◆ **PROBLEM STATEMENT**
Repeat the listing below in full and exactly. Pictures are to be omitted.
EXERCISE DATA Block Start
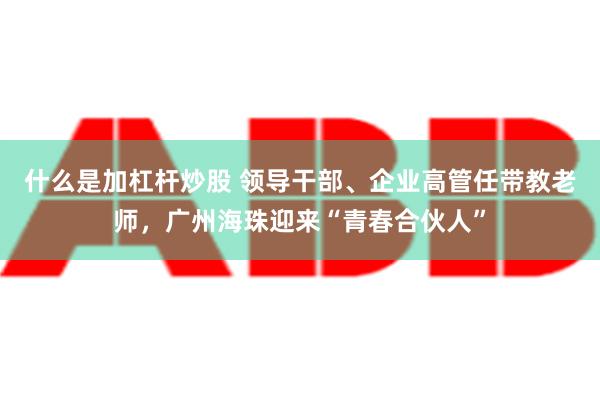 什么是加杠杆炒股 领导干部、企业高管任带教老师，广州海珠迎来“青春合伙人”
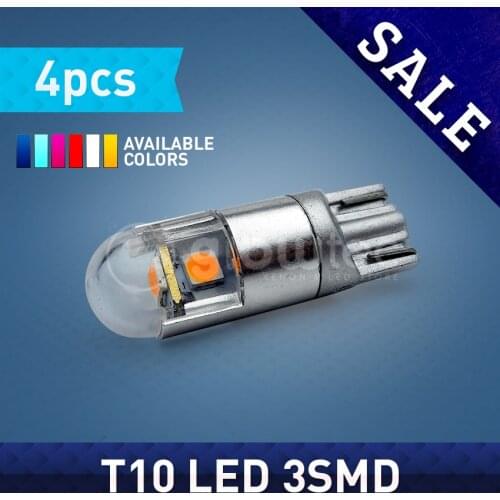 4PCS T10 3SMD 3030 3W Light Lamp 12V White RED Blue Yellow ICE Blue Purple GLOWTEC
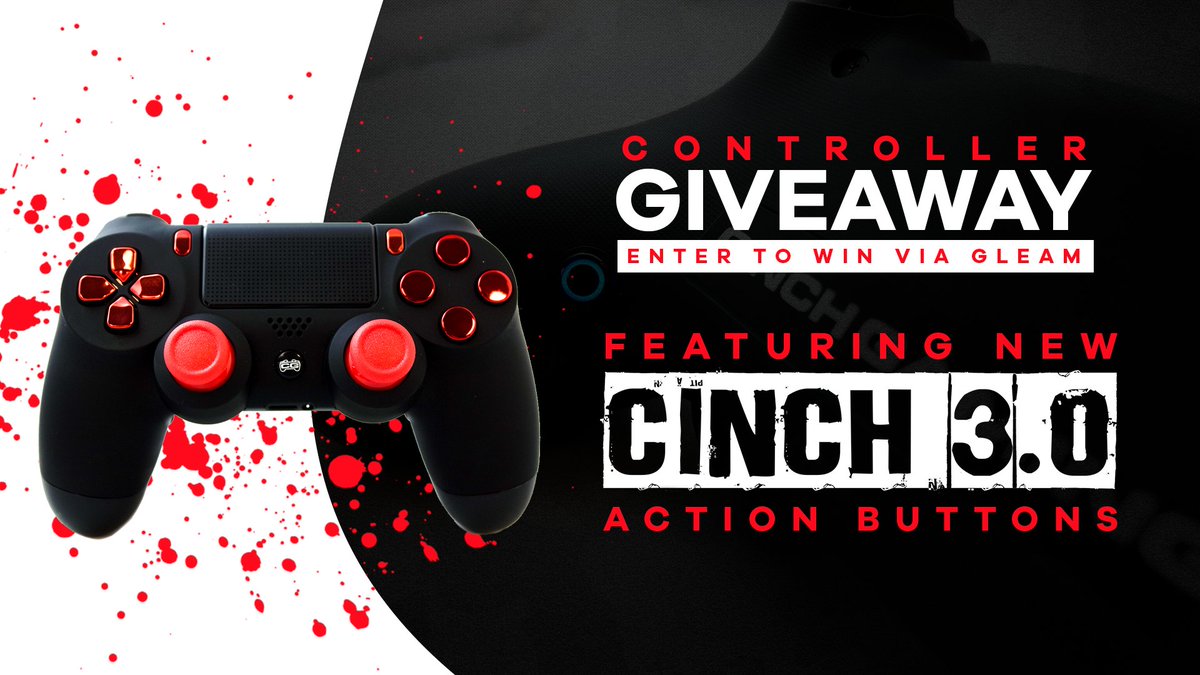 CinchGaming's tweet photo. NEW Cinch 3.0 Giveaway!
EXERCISE DATA Block End
◆ **RESPONSE TO THE TASK**
 什么是加杠杆炒股 领导干部、企业高管任带教老师，广州海珠迎来“青春合伙人”
 4PCS T10 3SMD 3030 3W Light Lamp 12V White RED Blue Yellow ICE Blue Purple GLOWTEC
 CinchGaming's tweet photo. NEW Cinch 3.0 Giveaway!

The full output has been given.